> **Your objective**: Your answer must be only the lines below from the one containing "T-shirt Je suis" through the one containing "F-35 Verticale Muis", copied exactly, with the pictures left out.

> **Excerpted data**:
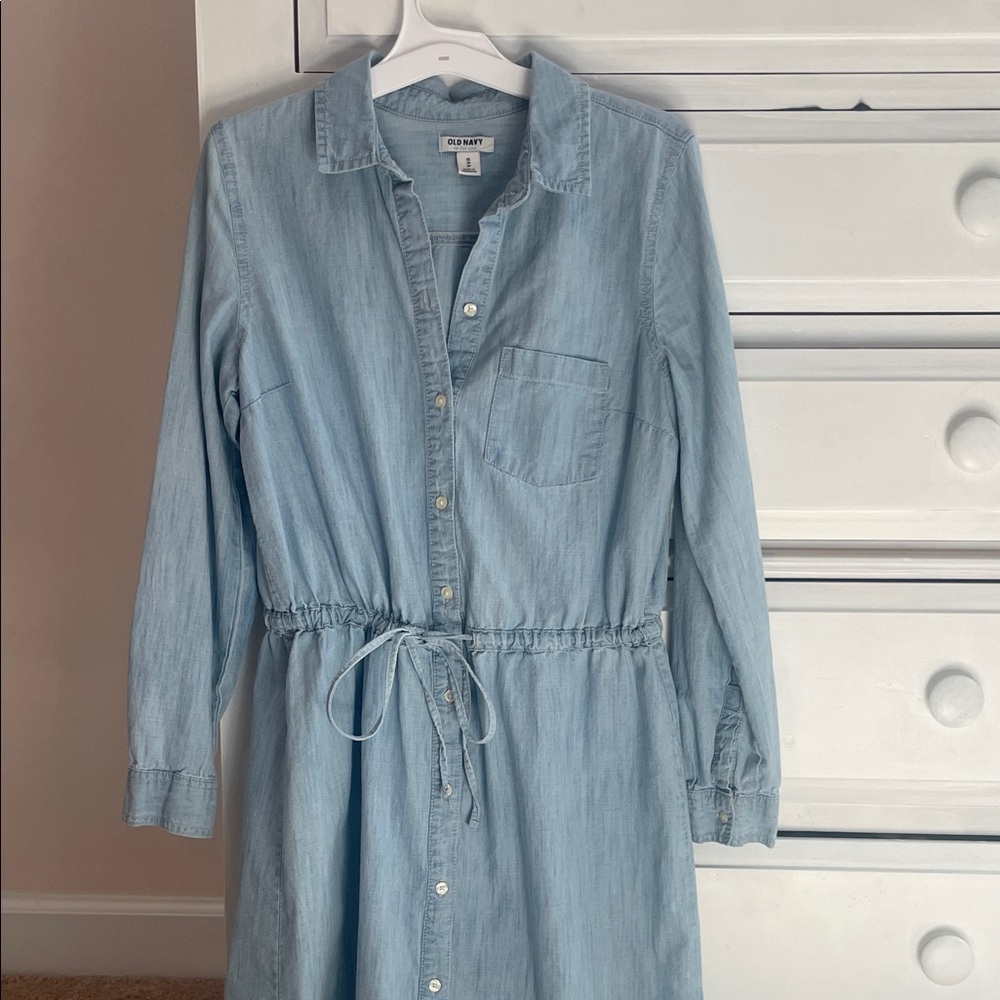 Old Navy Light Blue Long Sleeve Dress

---

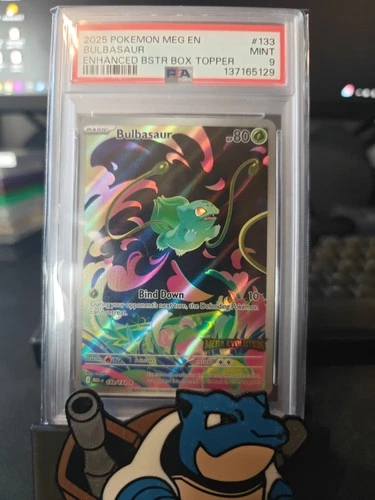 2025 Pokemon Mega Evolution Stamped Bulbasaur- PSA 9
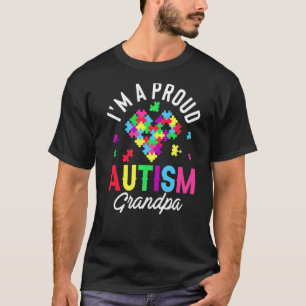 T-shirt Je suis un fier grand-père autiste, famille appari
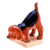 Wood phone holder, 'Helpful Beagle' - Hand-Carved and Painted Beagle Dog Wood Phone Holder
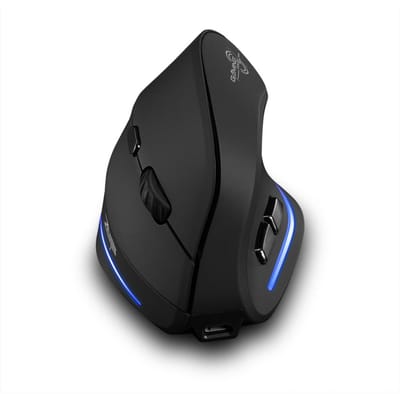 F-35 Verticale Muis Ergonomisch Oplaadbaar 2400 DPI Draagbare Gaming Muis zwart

==

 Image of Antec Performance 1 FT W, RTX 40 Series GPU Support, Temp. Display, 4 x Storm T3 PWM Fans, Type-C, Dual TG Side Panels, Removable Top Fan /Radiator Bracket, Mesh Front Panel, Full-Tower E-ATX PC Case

> **Written answer**:
 T-shirt Je suis un fier grand-père autiste, famille appari
 Wood phone holder, 'Helpful Beagle' - Hand-Carved and Painted Beagle Dog Wood Phone Holder
 F-35 Verticale Muis Ergonomisch Oplaadbaar 2400 DPI Draagbare Gaming Muis zwart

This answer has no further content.